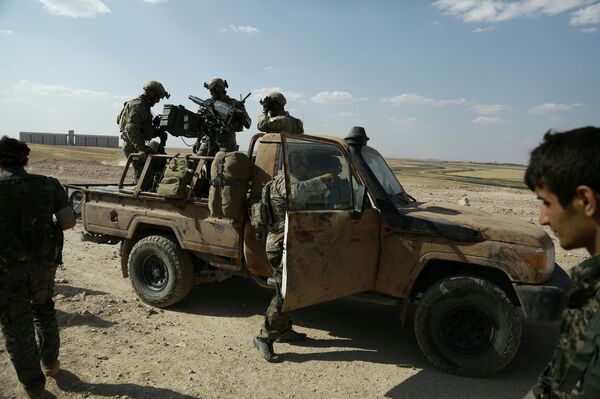 Armed men in uniforms identified by Syrian Democratic forces as US special operations forces stand in the back of a pickup truck in the village of Fatisah in the northern Syrian province of Raqa on May 25, 2016 - Sputnik International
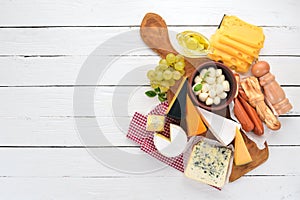 A large set of cheeses. Mozzarella, blue cheese, brie cheese, maasdam.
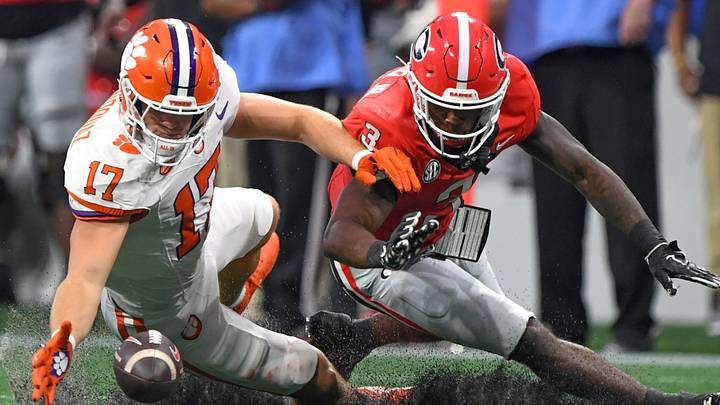 Aug 31, 2024; Atlanta, Georgia, USA; Clemson Tigers linebacker Wade Woodaz (17) reaches for an incomplete pass against Georgia Bulldogs running back Nate Frazier (3) during the third quarter of the 2024 Aflac Kickoff Game at Mercedes-Benz Stadium. Mandatory Credit: Ken Ruinard-USA TODAY Sports Aug 31, 2024; Atlanta, Georgia, USA; Clemson Tigers linebacker Wade Woodaz (17) reaches for an incomplete pass against Georgia Bulldogs running back Nate Frazier (3) during the third quarter of the 2024 Aflac Kickoff Game at Mercedes-Benz Stadium. Mandatory Credit: Ken Ruinard-USA TODAY Sports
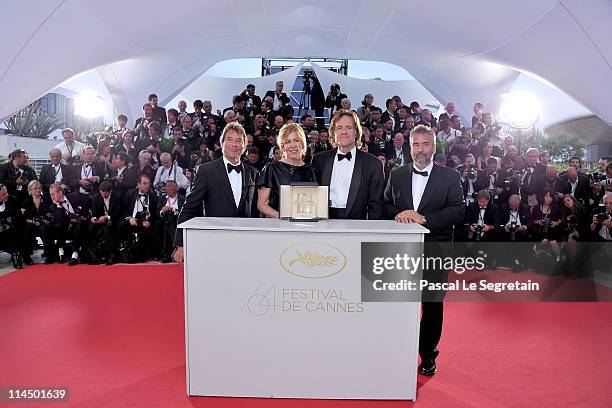 Producers Bill Pohlad and Dede Gardner pose with the Palme d'Or for 'The Tree of Life' at the Palme d'Or Winners Photocall at the Palais des...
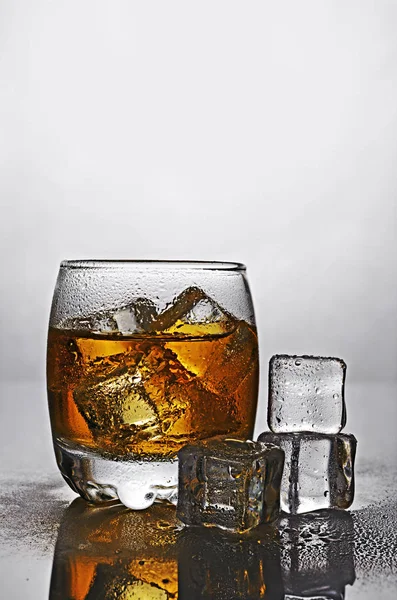 Glas van scotch whisky met ijsblokje — Stockfoto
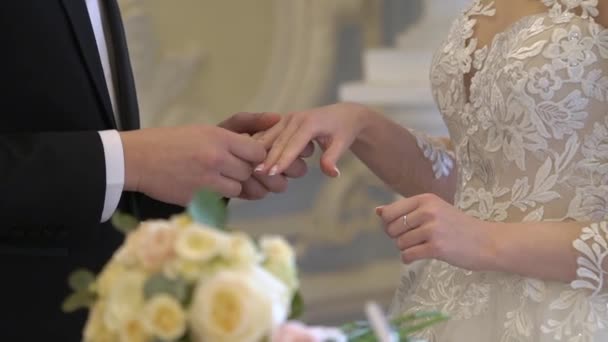 Bruid en bruidegom wisselen trouwringen uit bij de ceremonie. Doe de ring om.. — Stockvideo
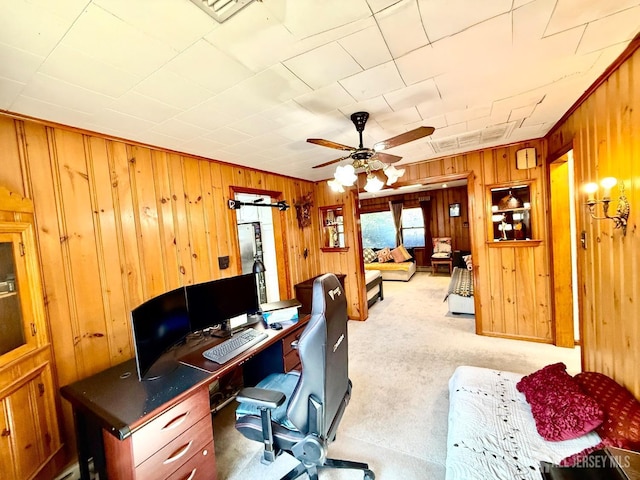 home office featuring visible vents, light colored carpet, wood walls, and a ceiling fan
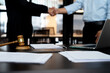 © sabthai - businessman lawyer standing handshake congratulating agreement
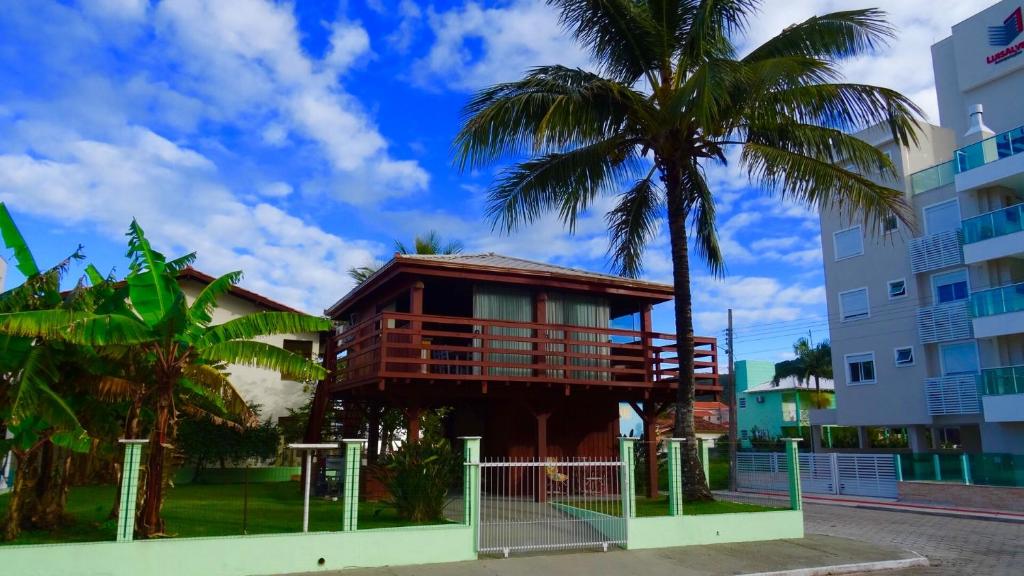 ein Gebäude mit einem Balkon neben einer Palme in der Unterkunft Bangalô com vista para o mar. in Governador Celso Ramos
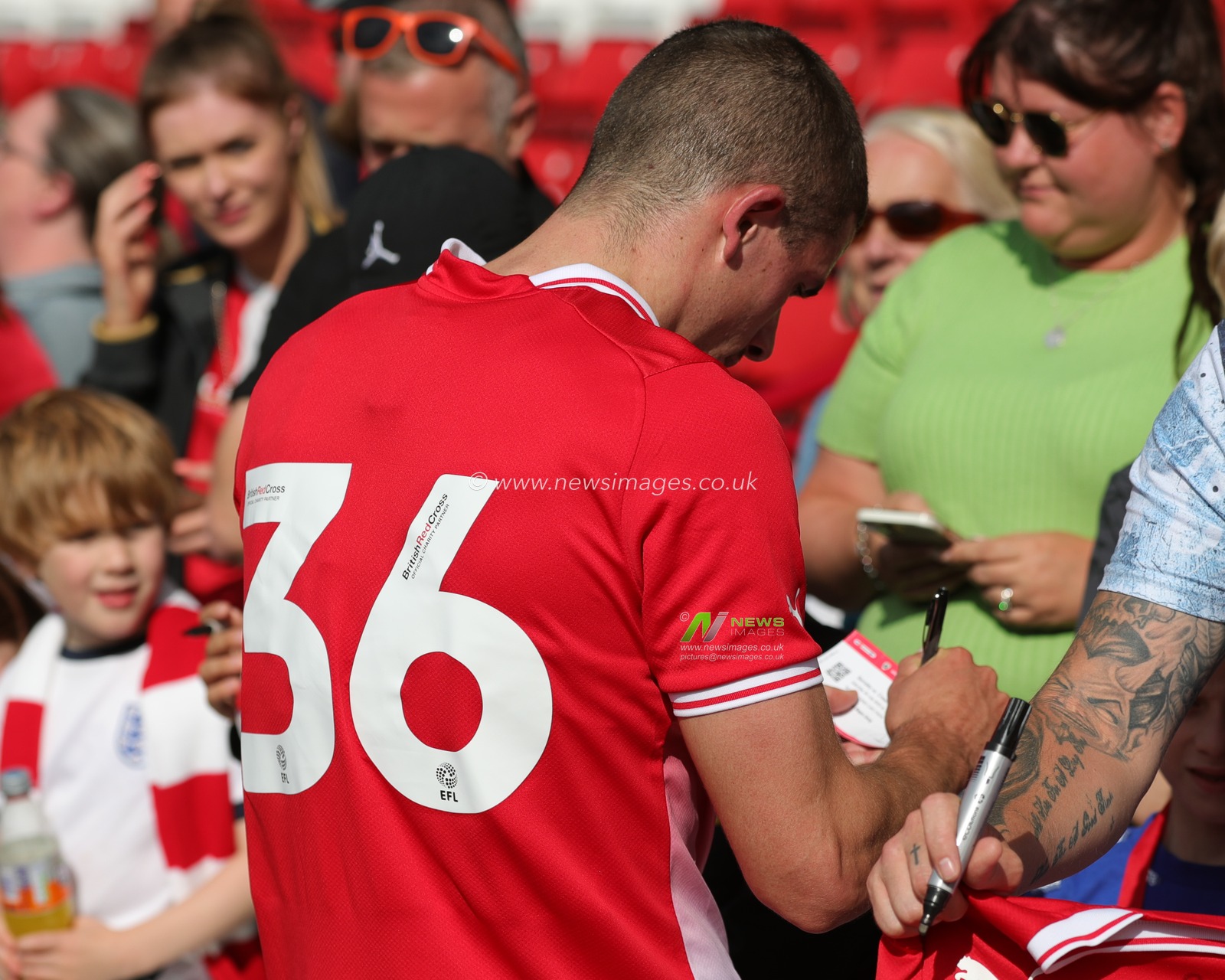 Max Watters #36 of Barnsley signing a fans ticket during the Pre-season friendly match Barnsley vs Crewe Alexandra at Oakwell, Barnsley, United Kingdom, 29th July 2023

(Photo by Alfie Cosgrove/News Images)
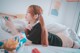 A woman laying on a bed with headphones on.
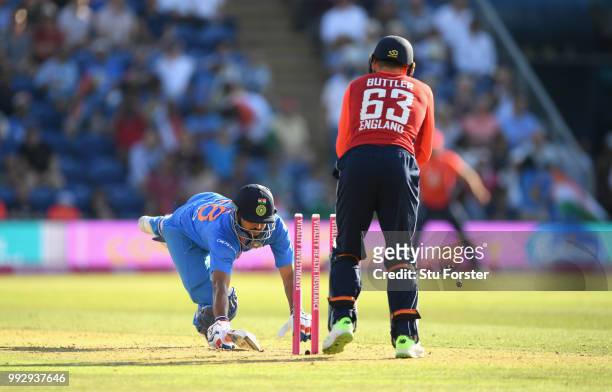 India batsman Suresh Raina is stumped by Jos Buttler during the 2nd Vitality T20 International between England and India at Sophia Gardens on July 6,...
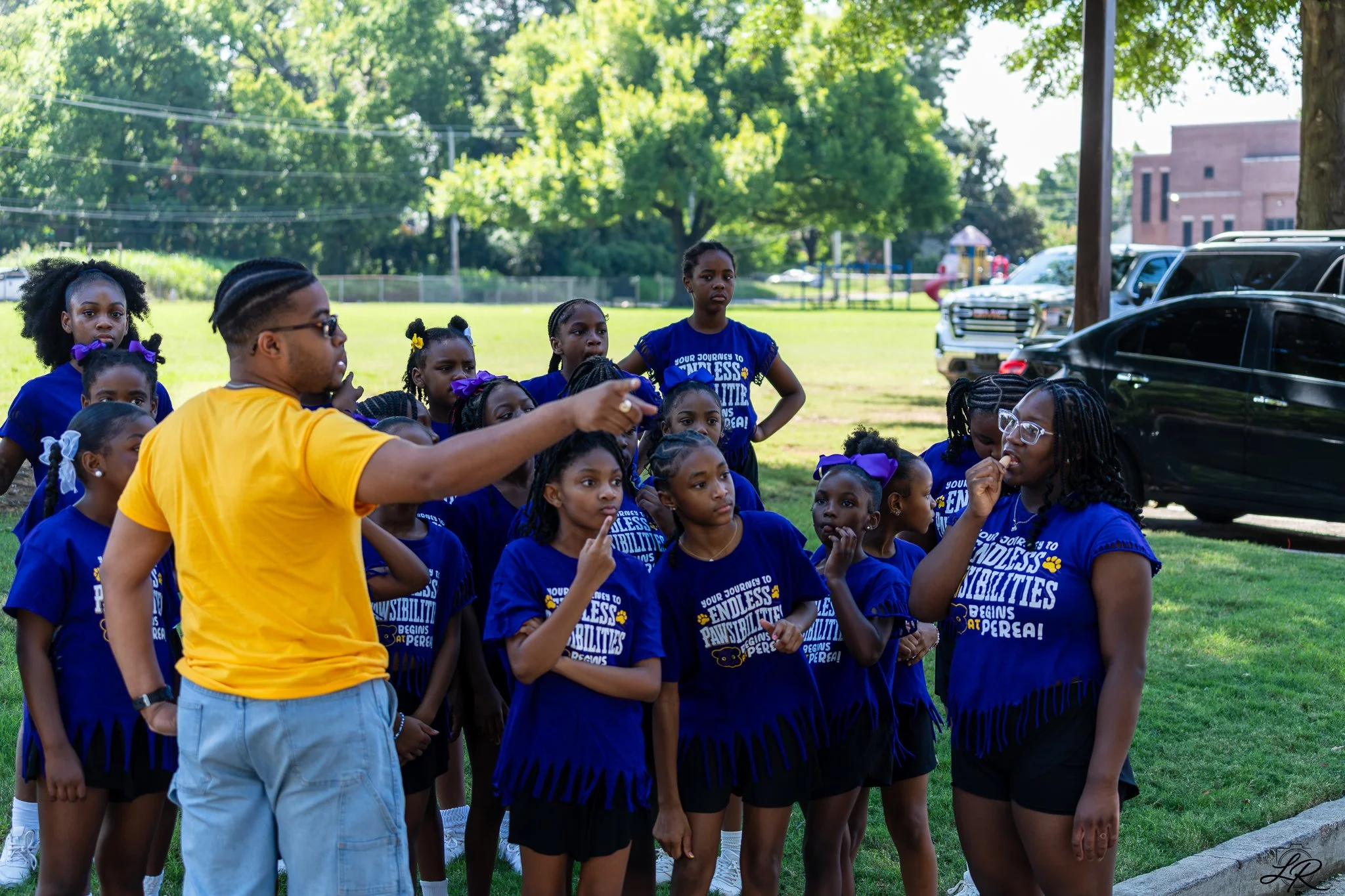 A group of young girls in blue shirts and purple bows standing outdoors on a grassy area, listening to a man in a yellow shirt who is speaking to them. There are trees, parked cars, and a playground in the background.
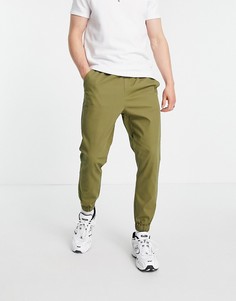 Суженные книзу брюки-чиносы цвета хаки с эластичным поясом ASOS DESIGN-Зеленый цвет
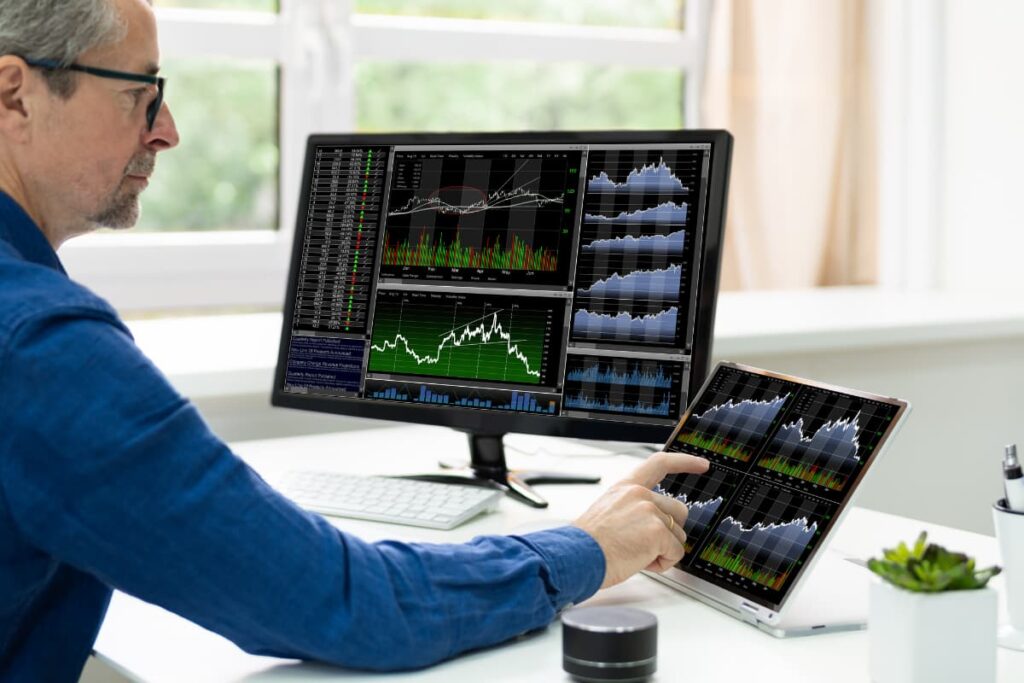 Walmart Stocks value monitored by a person in his Desktop and Laptop on a white table.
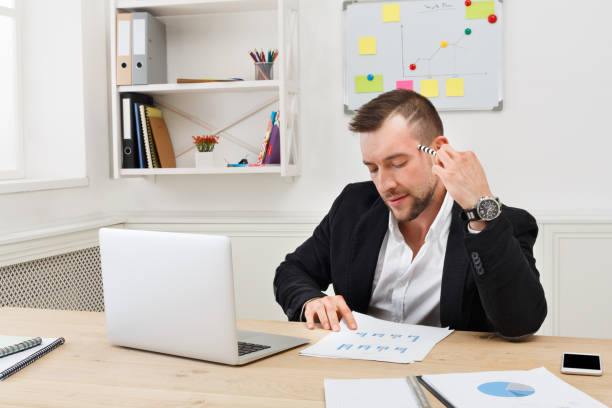 istock Young concentrated businessman read documents in modern white of 857779322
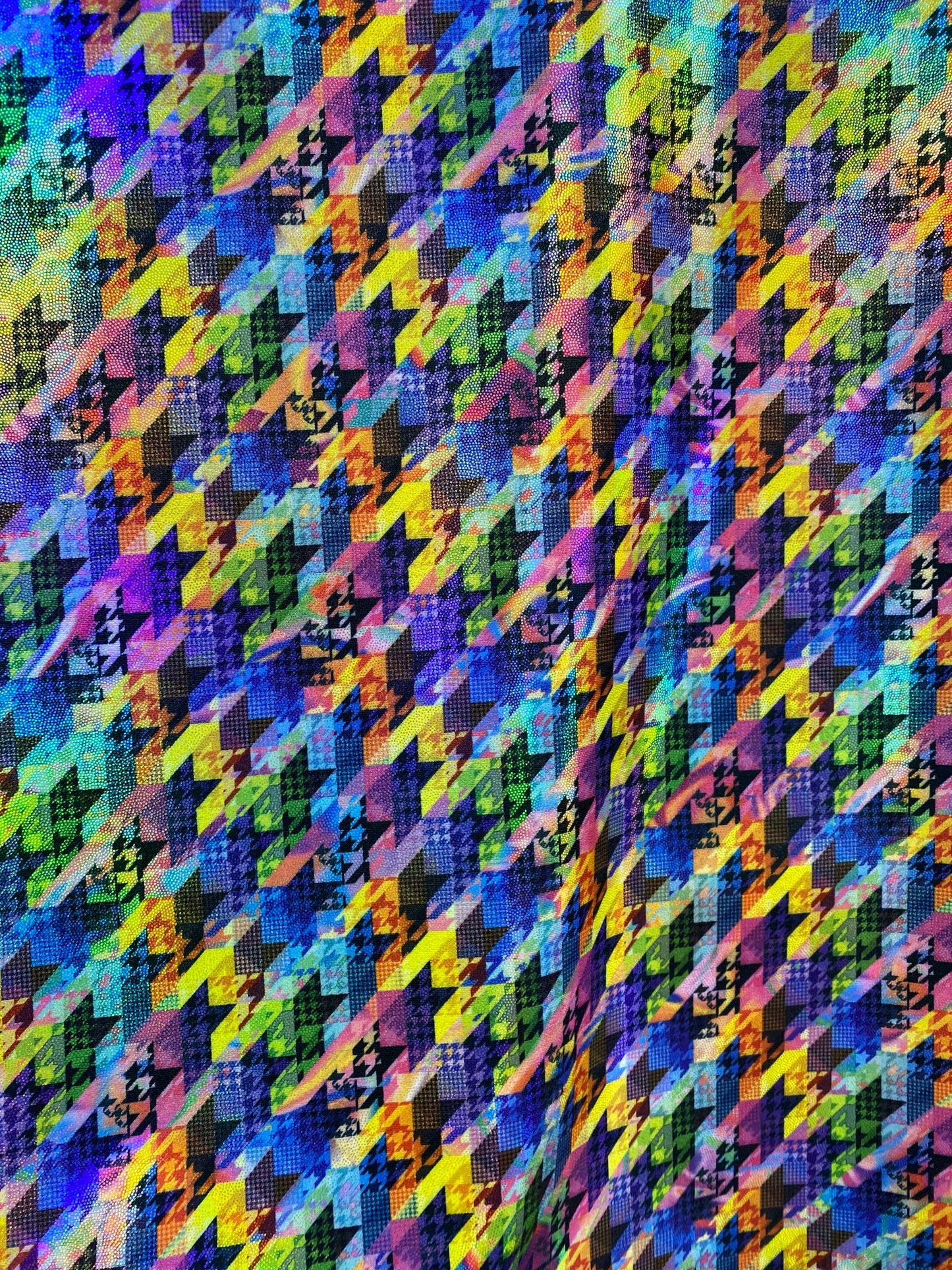 New modern houndstooth rainbow design digital foil print lacer hologram metallic nylon spandex 4-way stretch 58/60” Sold by the YD.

..........

Each line from the one with "istock Young concentrated" to the final line of the data above is to be printed exactly; no picture should appear in the copy.

## Your response
 istock Young concentrated businessman read documents in modern white of 857779322
 New modern houndstooth rainbow design digital foil print lacer hologram metallic nylon spandex 4-way stretch 58/60” Sold by the YD.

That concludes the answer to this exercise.